Nach der vollständigen Kostenberechnung des Rechnungshofs belastet der BOS-Digitalfunk den Landeshaushalt bis 2021 mit 637 Mio. Euro (Best Case) bis 648 Mio. Euro (Worst Case). Hinzukommen der vorzufinanzierende Bundesanteil und die Kosten für den Weiterbetrieb des Analogfunks.

2.5 Folgekosten des BOS-Digitalfunks von 2022 bis 2031

Die Einführung des BOS-Digitalfunks wird nach 2021 zwangsläufig zu erheblichen Folgekosten führen. Damit ergibt sich eine Vorbelastung der jeweiligen Haushalte. Wir haben die Folgekosten deshalb in einer Modellrechnung geschätzt. Wir unterstellen, dass sich die verwendete Technik und die Kostenverteilung zwischen Bund und Land nicht grundlegend verändern. Basis sind die aktuellen Mengengerüste aus der Planrechnung 2012. Für die Betriebskosten werden die Berechnungen aus der Planrechnung 2012 fortgeschrieben, für die Personalkosten der Personalbedarf für den Regelbetrieb ab 2014 berücksichtigt.

Tabelle 2 zeigt die voraussichtlichen Ausgaben, die vom Land von 2022 bis 2031 zu tragen sind.

2013-B06-Tab2.jpg

Insgesamt wird das Land nahezu 500 Mio. Euro in diesem Zeitraum bereitstellen müssen. Die durchschnittliche jährliche Haushaltsbelastung dürfte sich auf rund 50 Mio. Euro belaufen.

3 Empfehlungen

3.1 Dem Landtag realistische Kostenschätzung vorlegen

Beim BOS-Digitalfunk in Baden-Württemberg sind nicht die ursprünglich prognostizierten Kosten aus dem Ruder gelaufen. Vielmehr wurden die ersten Kostenschätzungen als nicht finanzierbar eingestuft. Um das Projekt im Land zu retten, wurden nicht realisierbare Einsparungen gegengerechnet. In der Folge wurden unzureichende Haushaltsmittel beantragt und ausgewiesen. Dem Haushaltsgesetzgeber blieb die tatsächliche Haushaltsbelastung lange Zeit vorenthalten, obwohl das Innenministerium die Situation spätestens ab 2008 richtig einschätzen konnte.

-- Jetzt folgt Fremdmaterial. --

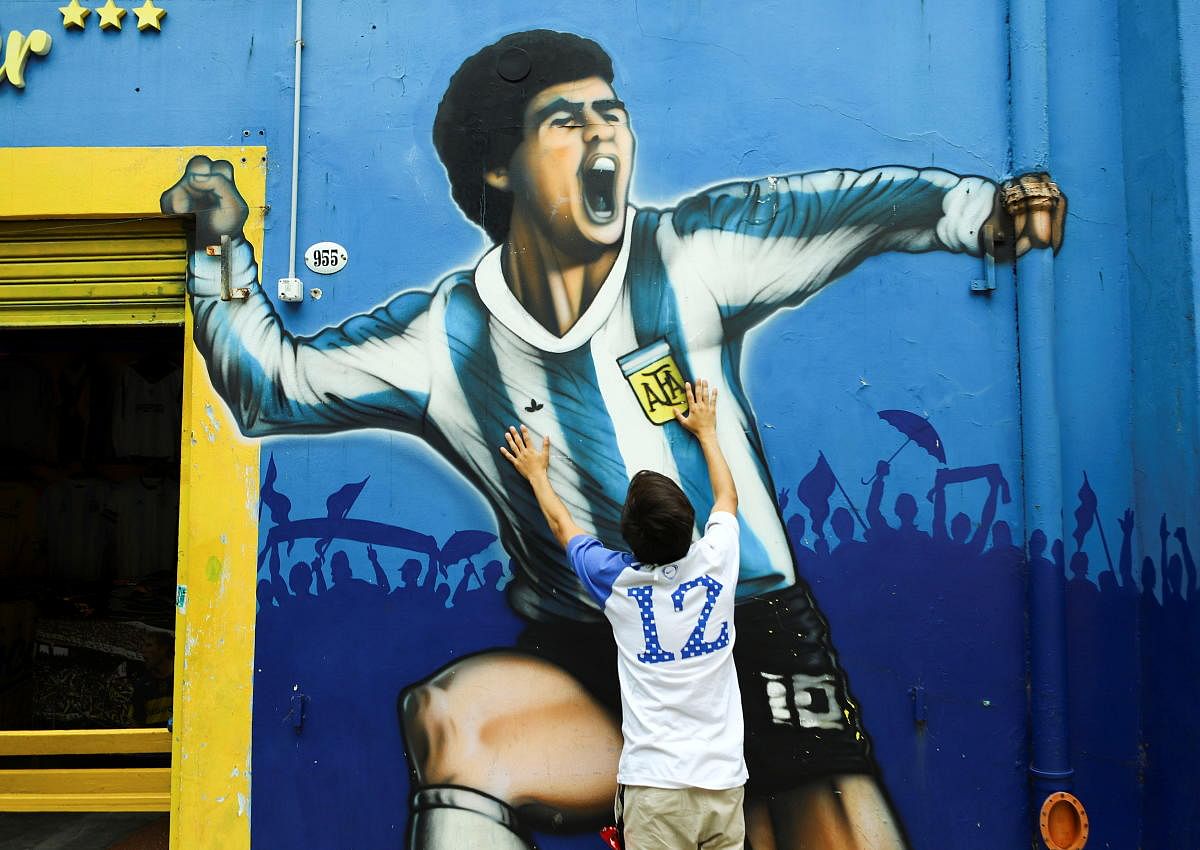 A fan mourns the death of soccer legend Diego Maradona, outside the Alberto J. Armando "La Bombonera" stadium, in Buenos Aires, Argentina. Credit: Reuters.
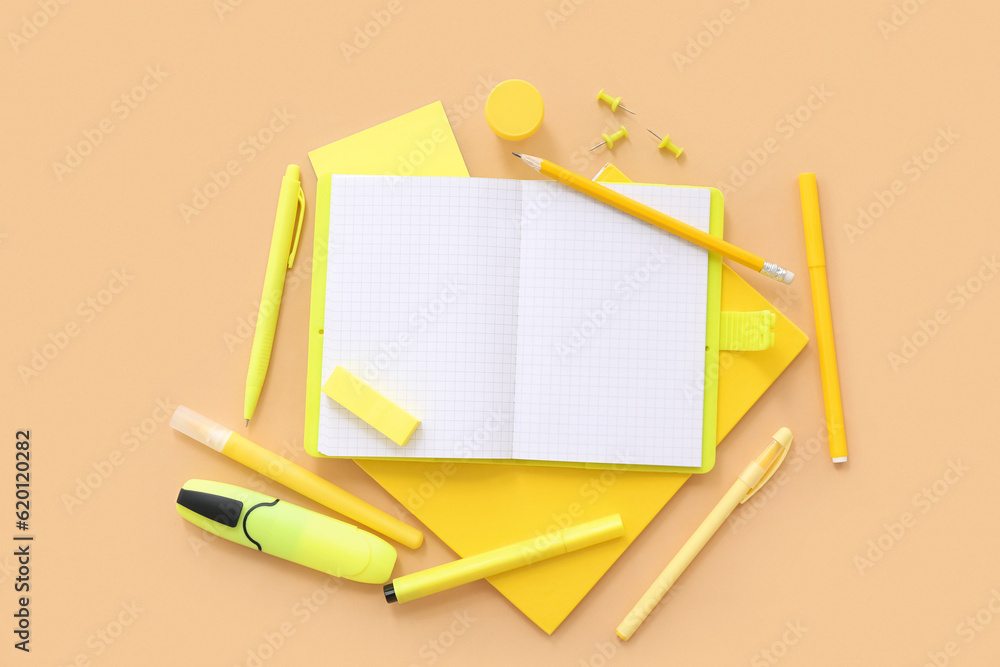 Blank notebook with different stationery on beige background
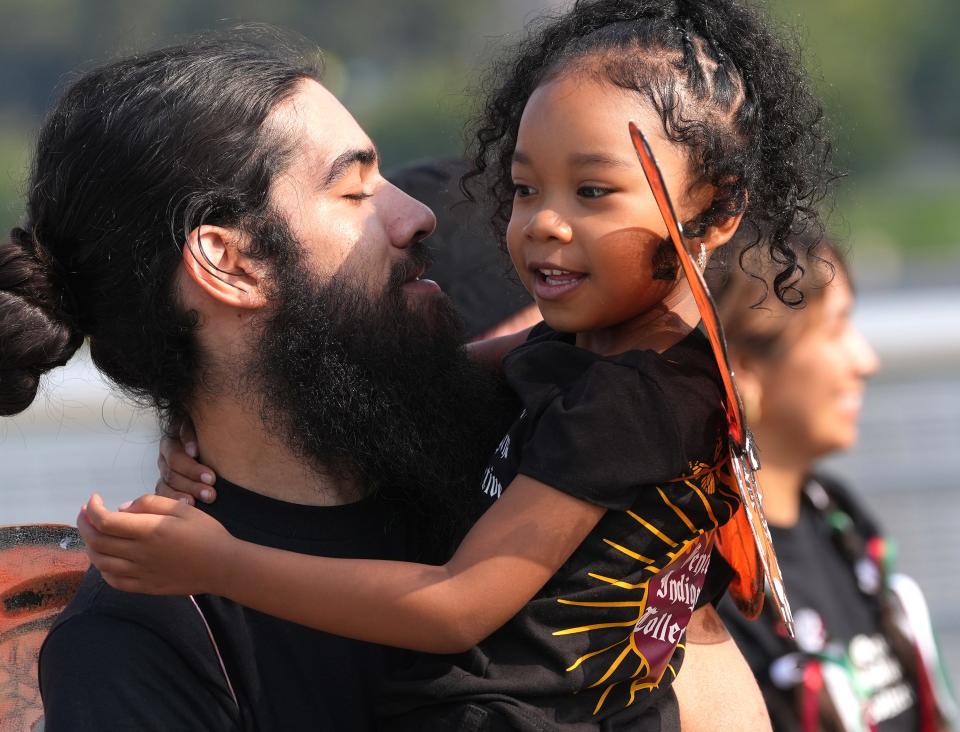 Eric Serrano holds Nova Smith, 4, as they prepare to walk with the Gente Indigena Collective, a group of Indigenous creatives and artists, Saturday before the start of the first Columbus Latine/Hispanic Heritage Month parade. The wings they were wearing represent the "Dreamers" community.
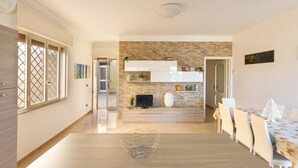 Una cocina moderna con protector mural de piedra, armarios de madera y un comedor con mesa y sillas.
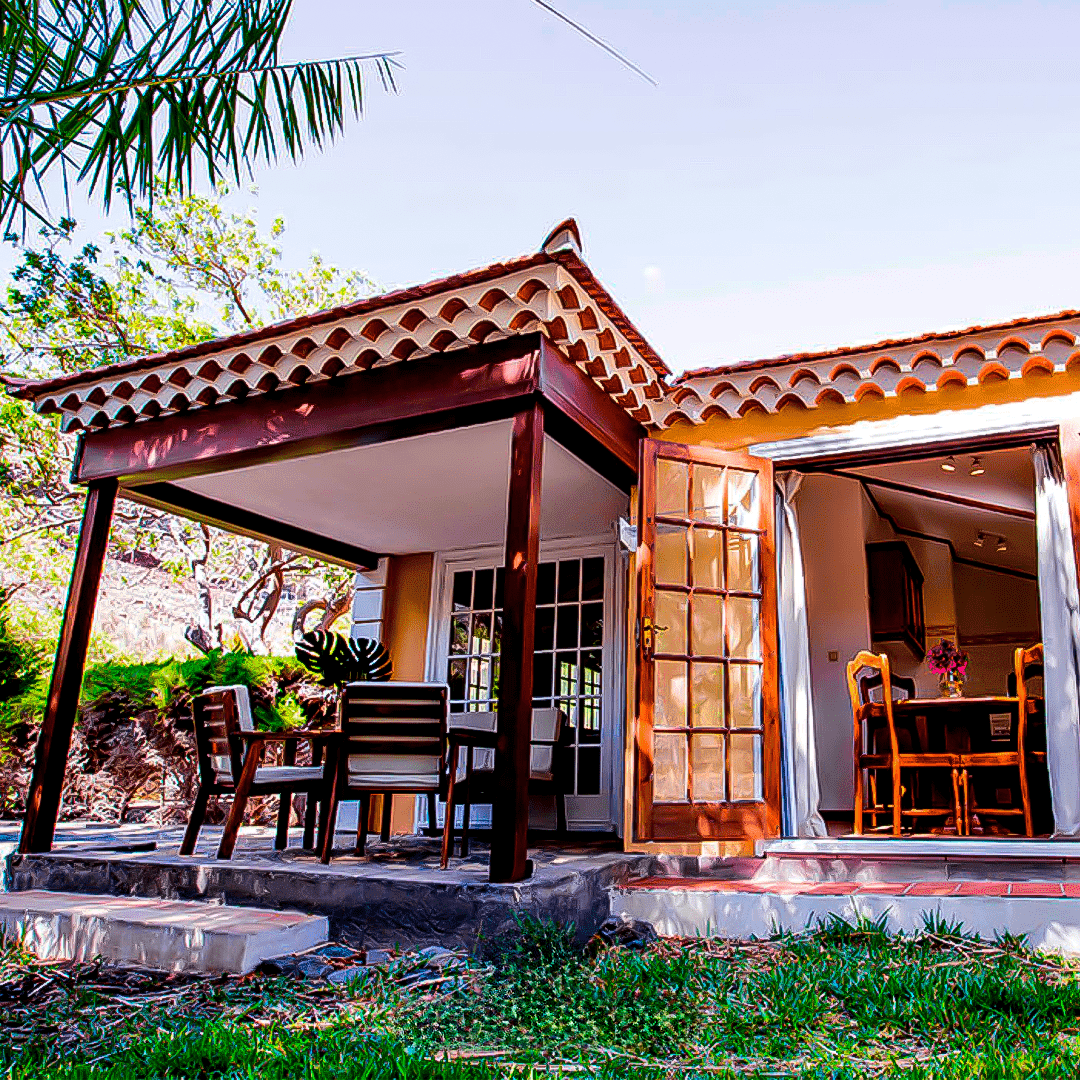 a small house with a porch and a table and chairs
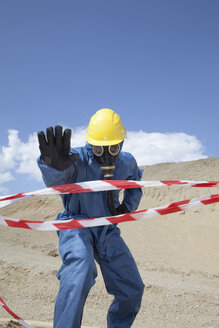 Deutschland, Bayern, Mann in Schutzkleidung bei Sanddüne und Absperrband im Vordergrund - MAEF003302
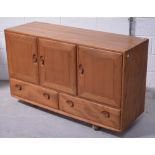 A retro Ercol style sideboard on castors, width 129cm.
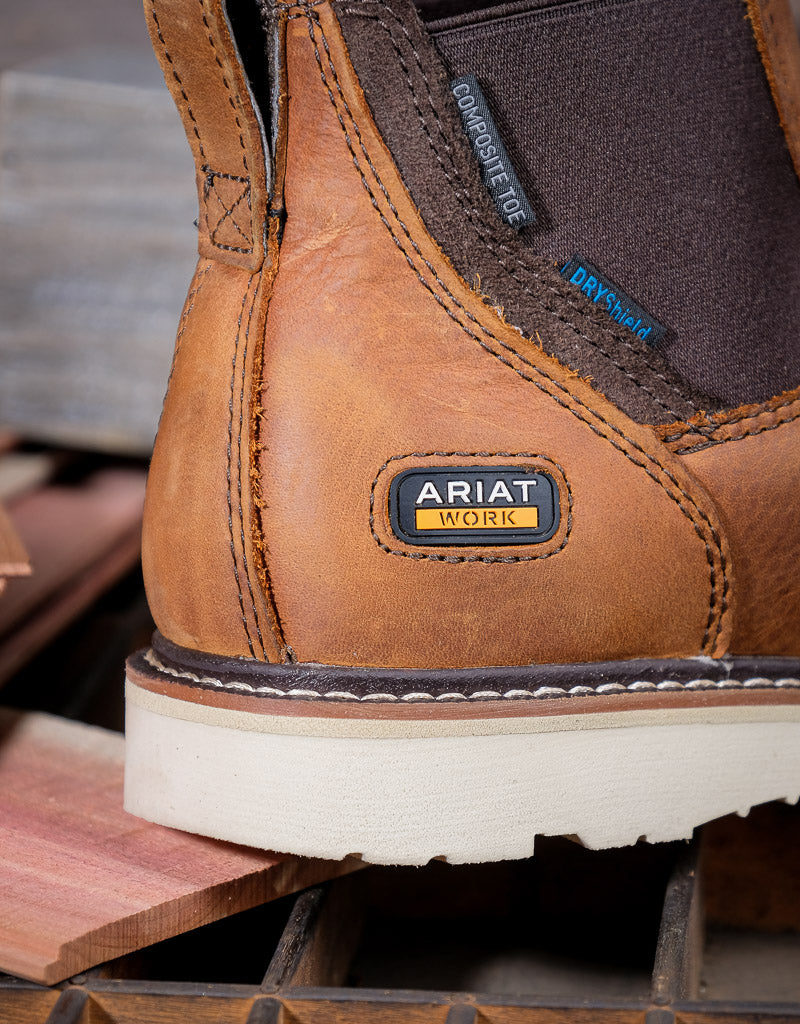 Brown work boot heel with Ariat label on a wooden surface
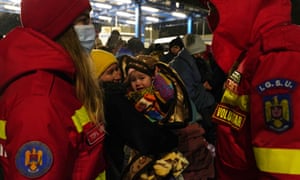 Russia-Ukraine war latest news: Putin’s troops land in Kharkiv as Zelenskiy says ‘they have orders to erase us all’ – live | World news 1 A Romanian emergency rescue service SMURD volunteers chat near a group of people who fled the conflict, and arrived in Romania, on March 1, 2022 in Isaccea, Romania.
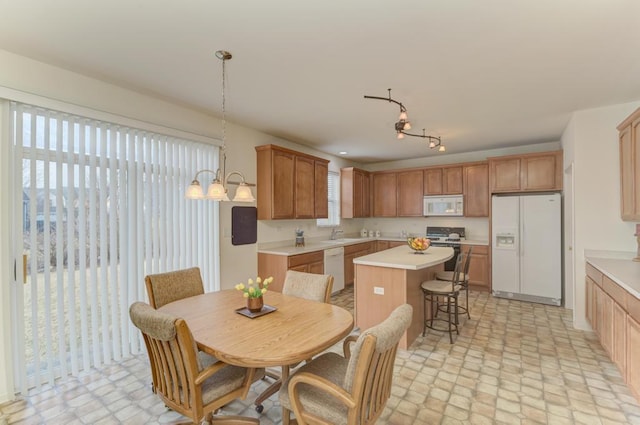 kitchen with a center island, a notable chandelier, sink, white appliances, and pendant lighting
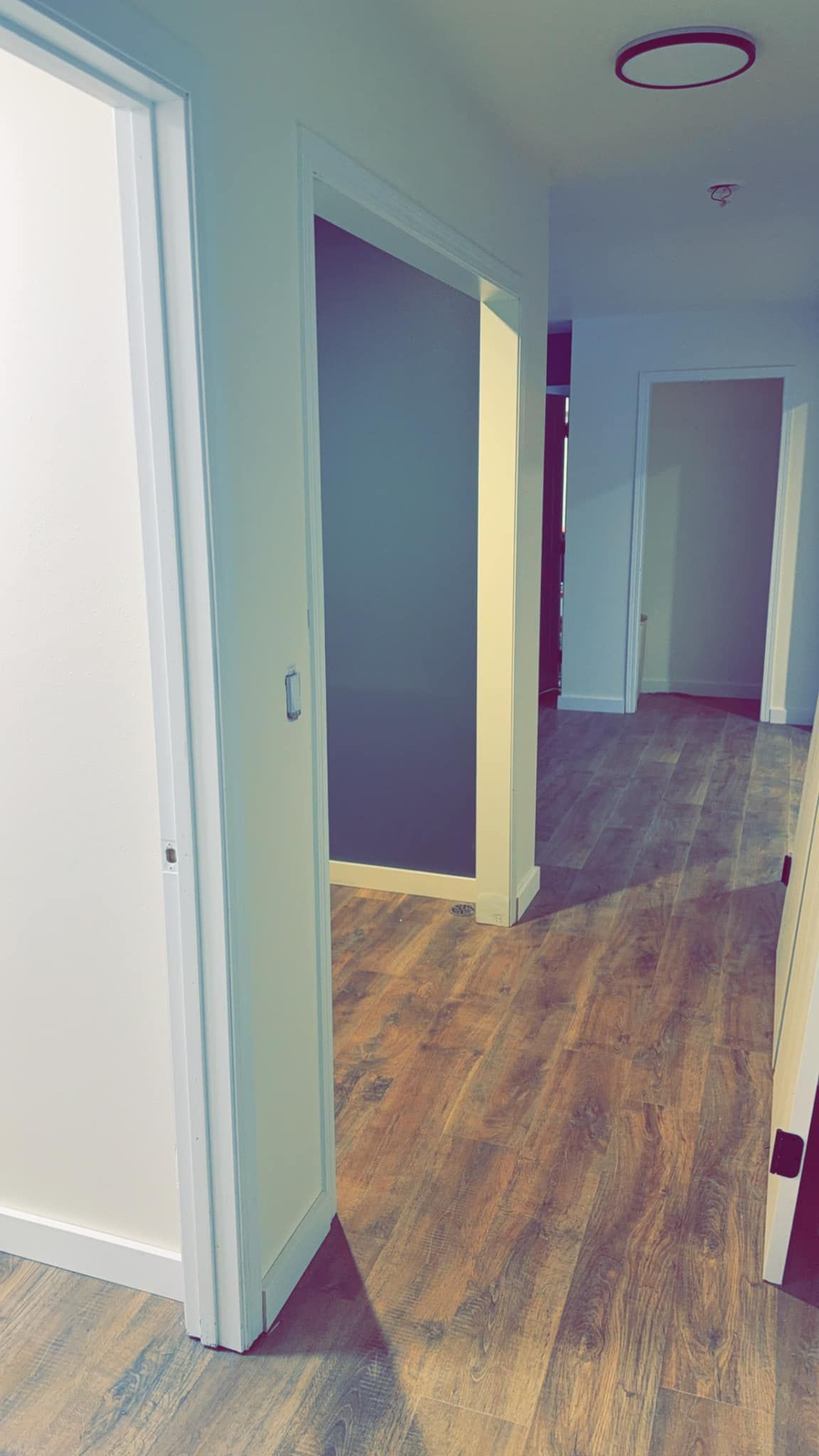 A hallway with wooden floors and white walls in a house.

Wie bereits in der Denkschrift 2012, Beitrag Nr. 17 (Landtagsdrucksache 15/1917), Landesmesse Stuttgart, empfiehlt die Finanzkontrolle, bei Großprojekten, deren Planung und Realisierung sich über mehrere Jahre erstrecken, dem Landtag von Anfang an realistische, vollumfängliche Kostenschätzungen vorzulegen. Dabei sind Risiken, Preissteigerungen, insbesondere durch Projektverzögerungen, und Folgekosten zu kalkulieren sowie auch ein Worst-Case-Szenario zu erstellen.

Der Haushaltsgesetzgeber ist darüber hinaus bei Großprojekten unverzüglich zu informieren, wenn der von ihm vorgegebene Rahmen überschritten würde.

3.2 Projektorganisation effizient gestalten

Das Land sollte außerdem bei Großprojekten eine effiziente Projektorganisation sicherstellen. Dazu gehört auch ein gewisses Mindestmaß an Personalkontinuität. Erfahrungs- und Projektwissen darf nicht verloren gehen, wenn maßgebliche oder eine Vielzahl von Mitarbeitern aus dem Projekt ausscheiden.

Der Personalbedarf der ASDBW und KSDBW sollte spätestens ein Jahr nach Beginn des Regelbetriebs neu bewertet werden.

4 Stellungnahme des Ministeriums

Das Innenministerium und das Ministerium für Finanzen und Wirtschaft halten die Verpflichtungsermächtigung von 400 Mio. Euro und das Beibehalten bis 2011 für sachgerecht.

Das Innenministerium sieht zwar die Projektorganisation als effizient an, habe aber zwischenzeitlich Maßnahmen ergriffen, um für mehr Personalkontinuität zu sorgen.

Das Innenministerium weist daraufhin, dass Aussagen zu den Folgekosten nach 2021 rein spekulativ seien.

5 Schlussbemerkung

Nach Auffassung des Rechnungshofs hätte spätestens nach Vorlage der Planrechnung 2008 die Haushaltsvorsorge angepasst werden müssen.

Die Folgekosten werden zwangsläufig nach 2021 hoch sein. Unsere Modellrechnung basiert auf bereits heute bekannten Mindestannahmen, berücksichtigt aber nicht alle Risiken.